Prima in Brasile, poi in gran parte dell'America Latina, a partire dalla fine degli anni '50, nacquero le Comunità Ecclesiali di Base, impegnate a vivere e diffondere una fede che comprendeva l'attenzione verso i problemi sociali e l'impegno per raggiungere precisi obiettivi di miglioramento. Grandi figure come Paulo Freire, insegnante di Recife che sviluppò un nuovo metodo pedagogico incentrato sul processo di coscientizzazione del problema, ed Hélder Câmara, arcivescovo di Recife, contribuirono a una rilettura della pastorale fra i poveri e nella teologia stessa, che prese anche le forme di una contestazione del modo di porsi tradizionale della chiesa verso le masse. Si arrivò così a quell'ondata innovativa che prese il nome di teologia della liberazione, che coinvolse anche il mondo cristiano non cattolico. Alcuni teologi, come Richard Shaull, missionario presbiteriano, posero la questione se la rivoluzione potesse avere un significato teologico cominciando, insieme ad altri giovani protestanti, a discutere questi temi con sacerdoti domenicani e intellettuali cattolici. Storica fu la conferenza dell'episcopato latinoamericano di Medellín (1968), al centro della quale fu il concetto di opzione preferenziale dei poveri.
Anche in una realtà geografica e politica così diversa come il Sudafrica si sviluppò una teologia della liberazione nera nella lotta contro l'apartheid, in cui protagonista sarà, negli anni più recenti, il vescovo anglicano Desmond Tutu. Nel resto del continente tale teologia delegittimava la conquista coloniale, operata da europei "cristiani", causa della miseria nell'intera Africa.
A partire dagli anni cinquanta si sviluppò in Europa la «società industriale nella fase del capitalismo avanzato» o di quella «civiltà di massa» o «civiltà dei consumi» della quale i sociologi hanno esaminato tutte le caratteristiche: dal consumismo ai persuasori occulti (che attraverso una serie di canali di comunicazione trasformano l'uomo in consumatore diretto), dall'omogeneizzazione del gusto collettivo alla mercificazione di qualsiasi tipo di valori.

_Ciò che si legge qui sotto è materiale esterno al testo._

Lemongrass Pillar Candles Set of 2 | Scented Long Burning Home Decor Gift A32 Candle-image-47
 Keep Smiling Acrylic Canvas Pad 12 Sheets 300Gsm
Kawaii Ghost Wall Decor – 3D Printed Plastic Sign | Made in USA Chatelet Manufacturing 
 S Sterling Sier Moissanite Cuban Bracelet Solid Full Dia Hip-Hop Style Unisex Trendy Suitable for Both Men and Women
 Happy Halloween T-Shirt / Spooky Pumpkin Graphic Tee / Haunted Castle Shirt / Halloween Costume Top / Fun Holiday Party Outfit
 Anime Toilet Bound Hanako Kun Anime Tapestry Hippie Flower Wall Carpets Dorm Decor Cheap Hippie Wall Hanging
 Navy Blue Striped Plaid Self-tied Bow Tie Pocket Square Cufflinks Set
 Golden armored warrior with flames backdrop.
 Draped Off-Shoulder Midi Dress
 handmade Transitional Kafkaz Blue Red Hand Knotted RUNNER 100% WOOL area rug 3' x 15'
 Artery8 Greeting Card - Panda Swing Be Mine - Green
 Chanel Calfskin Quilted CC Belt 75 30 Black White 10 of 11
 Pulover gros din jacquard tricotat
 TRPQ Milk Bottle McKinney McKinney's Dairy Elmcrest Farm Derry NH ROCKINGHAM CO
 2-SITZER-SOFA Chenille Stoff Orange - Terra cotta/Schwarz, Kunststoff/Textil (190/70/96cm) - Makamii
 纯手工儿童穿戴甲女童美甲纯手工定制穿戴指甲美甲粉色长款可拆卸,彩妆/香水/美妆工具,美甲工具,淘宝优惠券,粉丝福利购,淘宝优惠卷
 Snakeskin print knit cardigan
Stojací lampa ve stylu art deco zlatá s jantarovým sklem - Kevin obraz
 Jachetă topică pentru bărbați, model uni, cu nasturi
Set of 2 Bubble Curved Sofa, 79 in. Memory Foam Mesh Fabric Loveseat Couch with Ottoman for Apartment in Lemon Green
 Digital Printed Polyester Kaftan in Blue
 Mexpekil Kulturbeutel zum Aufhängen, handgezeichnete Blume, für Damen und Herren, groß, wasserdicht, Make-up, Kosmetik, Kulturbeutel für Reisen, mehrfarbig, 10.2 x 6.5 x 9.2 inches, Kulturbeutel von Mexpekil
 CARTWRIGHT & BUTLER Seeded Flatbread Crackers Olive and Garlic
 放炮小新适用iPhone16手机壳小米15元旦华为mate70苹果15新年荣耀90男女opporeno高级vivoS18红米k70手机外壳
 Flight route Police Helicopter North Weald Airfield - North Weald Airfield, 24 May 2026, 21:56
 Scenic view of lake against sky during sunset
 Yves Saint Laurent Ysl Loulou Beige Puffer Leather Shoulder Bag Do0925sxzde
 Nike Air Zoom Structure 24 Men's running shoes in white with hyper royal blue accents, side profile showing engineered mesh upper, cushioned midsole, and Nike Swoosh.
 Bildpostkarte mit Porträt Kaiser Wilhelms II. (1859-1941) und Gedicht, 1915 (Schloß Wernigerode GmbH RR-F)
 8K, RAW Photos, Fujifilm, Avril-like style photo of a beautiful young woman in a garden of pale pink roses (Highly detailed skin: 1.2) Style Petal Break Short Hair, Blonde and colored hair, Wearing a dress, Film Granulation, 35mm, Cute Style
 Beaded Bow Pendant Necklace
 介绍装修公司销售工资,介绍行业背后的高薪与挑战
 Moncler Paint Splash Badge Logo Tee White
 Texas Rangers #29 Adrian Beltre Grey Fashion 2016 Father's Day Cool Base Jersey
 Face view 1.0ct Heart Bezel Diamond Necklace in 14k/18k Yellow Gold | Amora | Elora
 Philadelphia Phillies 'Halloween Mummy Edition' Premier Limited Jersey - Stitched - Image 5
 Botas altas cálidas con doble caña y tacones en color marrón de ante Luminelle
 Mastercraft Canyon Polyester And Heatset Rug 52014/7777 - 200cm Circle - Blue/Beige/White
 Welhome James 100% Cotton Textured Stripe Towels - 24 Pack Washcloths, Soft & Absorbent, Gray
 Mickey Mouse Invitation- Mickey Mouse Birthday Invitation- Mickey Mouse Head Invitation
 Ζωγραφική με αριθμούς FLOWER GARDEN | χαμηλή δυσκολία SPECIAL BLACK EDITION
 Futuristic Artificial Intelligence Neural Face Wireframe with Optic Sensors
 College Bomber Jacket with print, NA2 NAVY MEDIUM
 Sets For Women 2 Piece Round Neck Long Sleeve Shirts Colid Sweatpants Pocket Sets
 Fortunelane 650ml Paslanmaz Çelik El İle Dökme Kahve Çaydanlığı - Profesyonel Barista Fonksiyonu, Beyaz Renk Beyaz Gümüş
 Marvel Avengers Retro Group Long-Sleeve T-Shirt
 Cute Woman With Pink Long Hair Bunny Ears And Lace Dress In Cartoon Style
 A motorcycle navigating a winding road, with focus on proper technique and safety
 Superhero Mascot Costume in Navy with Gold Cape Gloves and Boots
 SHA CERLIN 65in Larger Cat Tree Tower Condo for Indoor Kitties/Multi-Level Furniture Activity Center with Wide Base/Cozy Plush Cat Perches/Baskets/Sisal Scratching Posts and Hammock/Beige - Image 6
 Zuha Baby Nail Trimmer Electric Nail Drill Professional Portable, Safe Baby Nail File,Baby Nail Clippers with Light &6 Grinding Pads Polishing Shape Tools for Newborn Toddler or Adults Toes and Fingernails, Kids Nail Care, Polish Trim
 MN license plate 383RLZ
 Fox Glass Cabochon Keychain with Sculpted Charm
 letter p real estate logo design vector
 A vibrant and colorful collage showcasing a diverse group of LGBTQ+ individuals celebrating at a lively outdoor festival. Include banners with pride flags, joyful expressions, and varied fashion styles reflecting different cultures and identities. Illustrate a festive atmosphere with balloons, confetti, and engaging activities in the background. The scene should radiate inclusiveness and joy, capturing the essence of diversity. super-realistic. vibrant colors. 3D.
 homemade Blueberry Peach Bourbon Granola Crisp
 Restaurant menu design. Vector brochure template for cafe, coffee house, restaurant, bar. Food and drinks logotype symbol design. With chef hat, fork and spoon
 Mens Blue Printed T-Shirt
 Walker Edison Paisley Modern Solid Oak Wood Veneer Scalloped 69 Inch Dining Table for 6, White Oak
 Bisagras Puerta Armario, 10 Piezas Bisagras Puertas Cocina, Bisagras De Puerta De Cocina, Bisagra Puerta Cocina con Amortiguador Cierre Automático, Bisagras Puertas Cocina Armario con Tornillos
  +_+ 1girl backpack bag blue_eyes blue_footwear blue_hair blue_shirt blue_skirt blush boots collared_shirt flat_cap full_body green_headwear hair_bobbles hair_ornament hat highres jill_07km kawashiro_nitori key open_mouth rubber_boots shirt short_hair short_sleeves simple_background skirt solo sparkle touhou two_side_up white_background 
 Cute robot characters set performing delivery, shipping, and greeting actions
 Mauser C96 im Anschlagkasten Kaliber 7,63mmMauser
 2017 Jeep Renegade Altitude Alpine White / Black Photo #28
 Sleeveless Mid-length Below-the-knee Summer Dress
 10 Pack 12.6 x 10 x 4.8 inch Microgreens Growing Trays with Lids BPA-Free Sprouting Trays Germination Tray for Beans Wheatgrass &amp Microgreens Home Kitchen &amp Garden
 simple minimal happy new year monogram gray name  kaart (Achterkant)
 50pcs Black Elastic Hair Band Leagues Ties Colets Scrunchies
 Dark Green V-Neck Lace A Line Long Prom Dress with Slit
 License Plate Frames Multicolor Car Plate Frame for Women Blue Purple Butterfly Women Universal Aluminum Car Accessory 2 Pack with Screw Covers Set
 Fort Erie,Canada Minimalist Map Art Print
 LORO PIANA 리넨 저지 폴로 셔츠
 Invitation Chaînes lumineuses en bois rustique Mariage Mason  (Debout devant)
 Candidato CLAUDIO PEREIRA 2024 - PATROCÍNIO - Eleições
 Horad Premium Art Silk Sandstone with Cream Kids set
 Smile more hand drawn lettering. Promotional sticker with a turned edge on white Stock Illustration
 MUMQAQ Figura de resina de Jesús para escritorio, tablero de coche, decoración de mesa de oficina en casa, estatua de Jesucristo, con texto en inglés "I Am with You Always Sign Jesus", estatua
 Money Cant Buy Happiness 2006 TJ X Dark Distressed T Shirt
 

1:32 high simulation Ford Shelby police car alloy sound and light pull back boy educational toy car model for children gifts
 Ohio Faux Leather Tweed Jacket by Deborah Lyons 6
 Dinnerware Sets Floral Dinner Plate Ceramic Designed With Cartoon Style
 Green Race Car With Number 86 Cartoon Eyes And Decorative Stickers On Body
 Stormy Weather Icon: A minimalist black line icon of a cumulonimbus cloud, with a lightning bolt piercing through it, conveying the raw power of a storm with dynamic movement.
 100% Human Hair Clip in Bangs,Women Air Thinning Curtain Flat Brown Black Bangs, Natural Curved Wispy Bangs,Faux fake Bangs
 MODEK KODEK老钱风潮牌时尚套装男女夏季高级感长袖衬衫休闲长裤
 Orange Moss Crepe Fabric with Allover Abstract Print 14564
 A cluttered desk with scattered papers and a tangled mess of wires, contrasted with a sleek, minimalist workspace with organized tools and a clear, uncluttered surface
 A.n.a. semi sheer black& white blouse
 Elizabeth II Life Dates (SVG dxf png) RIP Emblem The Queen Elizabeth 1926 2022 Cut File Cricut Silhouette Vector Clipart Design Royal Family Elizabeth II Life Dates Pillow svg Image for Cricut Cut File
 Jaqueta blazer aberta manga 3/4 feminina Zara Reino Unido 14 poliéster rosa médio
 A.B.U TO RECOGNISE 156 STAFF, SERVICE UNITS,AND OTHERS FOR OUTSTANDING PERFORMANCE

Questo aspetto si identificò con il discorso dell'industria culturale. Quest'ultima è causa ed effetto assieme di una situazione tipica della società odierna: il mercato dell'arte si allarga a dismisura, la richiesta dei beni culturali non si diversifica più da quella dei prodotti industriali, poiché anch'essi sono simboli di promozione sociale, prima ancora che di promozione culturale. Ciò comporta la riduzione del prodotto artistico a merce che segue le leggi del mercato; è la domanda a determinare l'offerta, e quindi la produzione, ed è il sistema a provocare la domanda. In ultima analisi, il prodotto artistico per essere fruibile e accetto al mercato deve essere gradevole, aproblematico, cioè omologo al sistema.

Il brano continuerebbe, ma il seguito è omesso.